The East Longmeadow resident once again is at the anchor desk on WGGB – Western Mass News – and is clearly enjoying the return to full-time broadcasting.

It’s not that she was ever completely away from television. With a young family at home, she left WGGB in 2005 to start her own public relations company and started as the host of “As School Match Wits” when the long-running show was picked up by WGBY.

She said she is still hosting the show and explained that as many as seven contests between high school scholars would be taped over a weekend.

“It is grueling, but fun,” she told Reminder Publications.

Ward, who is a graduate of Western New England University, came to Springfield after stints in Washington D.C. and Hartford, CT. In Washington, D.C., she reported for local stations, as well as CNN and Fox News.

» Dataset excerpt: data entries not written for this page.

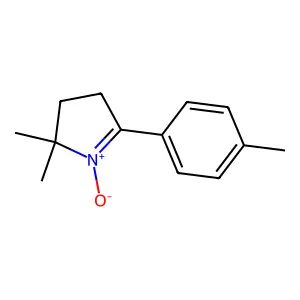 2,2-dimethyl-5-(4-methylphenyl)-3,4-dihydro-2H-pyrrolium-1-olate structure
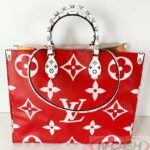 LOUIS VUITTON Onthego Red Reverse Monogram Giant GM Bag_pawnshop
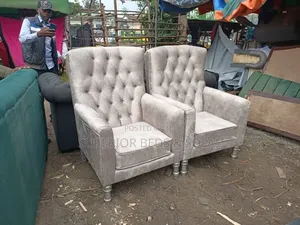 Cream Tufted Accent Armchair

A time at WWLP, after she and her family moved back to the area, was followed by a decade at WGGB.

While the pace of her new job might be fast, Ward is enjoying her return.

“It is nonstop from the time you walk in until you walk off the set,” she said.

Currently, she is anchoring two and a half hours of the station’s evening newscast.

She said Western Mass news anchor Dave Madsen, a colleague from her previous time on air, has been “awesome.”

Ward added, “Dave and I have been friends forever.”

She explained that while returning to television news “wasn’t on my radar,” when the opportunity became available, she “couldn’t say no.”

Ward acknowledged the Springfield media market is “a great proving ground for talented young journalists” and she had nothing but praise for her colleagues at the station. She said they are “really smart and really hardworking.”

Ward’s presence on the newscasts shatters a staffing format common to many television stations of pairing an older male anchor with a younger female one. In her discussions with the station she said, “Age was not brought up at all. They seemed genuinely happy to have someone who has been in the area, who knows the area – a veteran who is seasoned and not going anywhere.”

One of Ward’s children is in college while the other is at East Longmeadow High School. The opportunity to join Western Mass News came at a good time for both her and the station, she said.

“It’s been a really good fit,” she added.

What she also enjoys about her new assignment is getting into the field reporting as well as her anchor duties.

She had left television news because of the hours she worked – from noon to midnight. “The kids never saw me,” Ward said. She added the culture at the station is very different now.

“It’s so very family friendly,” she said.

Perhaps the only challenge is the addition of social media to the job. Although Ward said she prides herself on her knowledge of social media, she readily admitted her colleagues “have been helping me out.”